European court rules in favour of airline inclusion in emissions trading
Published: December 21, 2011
Europe’s highest court has ruled in favour of the European Union’s plan to include aviation in its Emissions Trading System (ETS) from 1 January 2012.
The ruling by the European Court of Justice (ECJ) follows an opinion from the court’s advocate general in October, which stated that ETS does not violate international law.
“The Court of Justice confirms the validity of the directive that includes aviation activities in the emissions trading scheme,” said the ECJ in a statement today.
In publishing its ruling, the ECJ concluded that “the uniform application of the scheme to all flights which depart from or arrive at a European airport is consistent with the provisions of the Open Skies Agreement designed to prohibit discriminatory treatment between American and European operators”.
The ruling follows legal action taken by US lobby group Airlines for America and three of its members, which argued that including foreign carriers in ETS went against the Chicago Convention, the Kyoto Protocol and the open skies agreement.
However, the ECJ pointed out that the EU “is not bound by the Chicago Convention because it is not a party to that convention and also has not hitherto assumed all the powers falling within the field of the convention”.
Regarding the Kyoto Protocol, it noted that “the parties to the protocol may comply with their obligations in the manner and at the speed upon which they agree and that, in particular, the obligation to pursue limitation or reduction of emissions of certain greenhouse gases from aviation fuels, working through the International Civil Aviation Organisation (ICAO), is not unconditional and sufficiently precise to be capable of being relied upon”.
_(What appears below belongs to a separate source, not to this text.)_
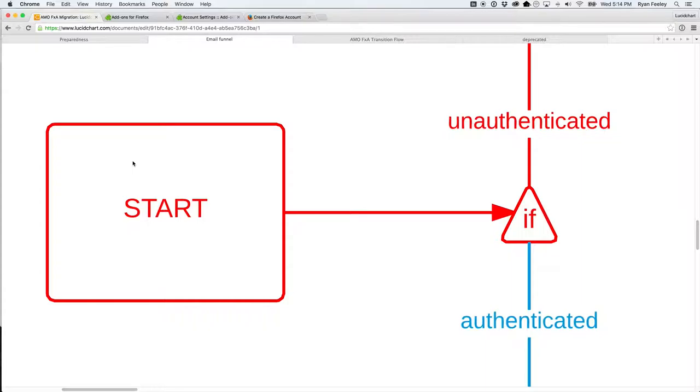We have the choice. It's not a choice, but the browser will know if they're authenticated or not. If they're not authenticated, we will... If they are authenticated, we'll know if they've migrated or not.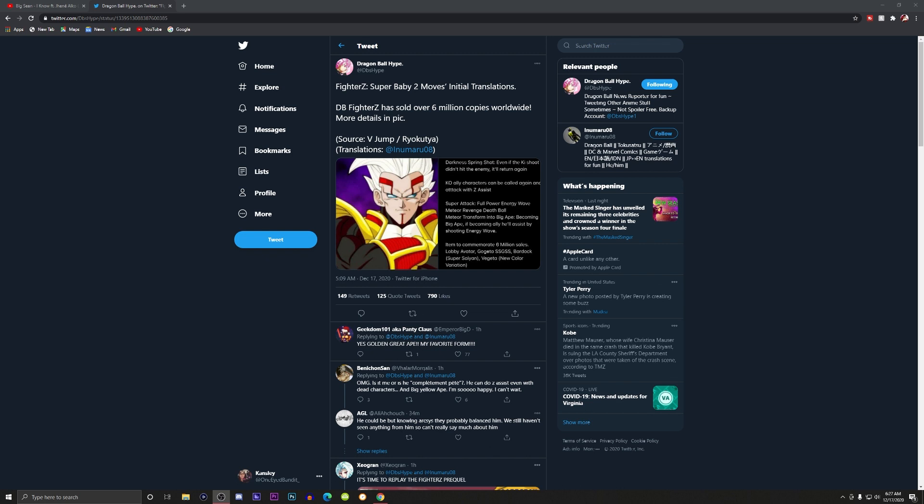Just because I'm making this, but look what we have here. It looks like everybody and their mother was wrong because guess who is coming to Dragon Ball FighterZ DLC? That is none other than Super Baby 2 from Dragon Ball GT. Holy crap!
The ECJ ruled that there is “insufficient evidence” to determine that “the principle that a vessel on the high seas is governed only by the law of its flag could apply by analogy to aircraft”.
“Application of the emissions trading scheme to aircraft operators infringes neither the principle of territoriality nor the sovereignty of third states, since the scheme is applicable to the operators only when their aircraft are physically in the territory of one of the member states of the EU and are thus subject to the unlimited jurisdiction of the EU,” said the court.
Today’s ruling will no doubt anger the USA and other countries that have expressed vehement opposition to the inclusion of their airlines in ETS, although what they will do next remains unclear at this stage.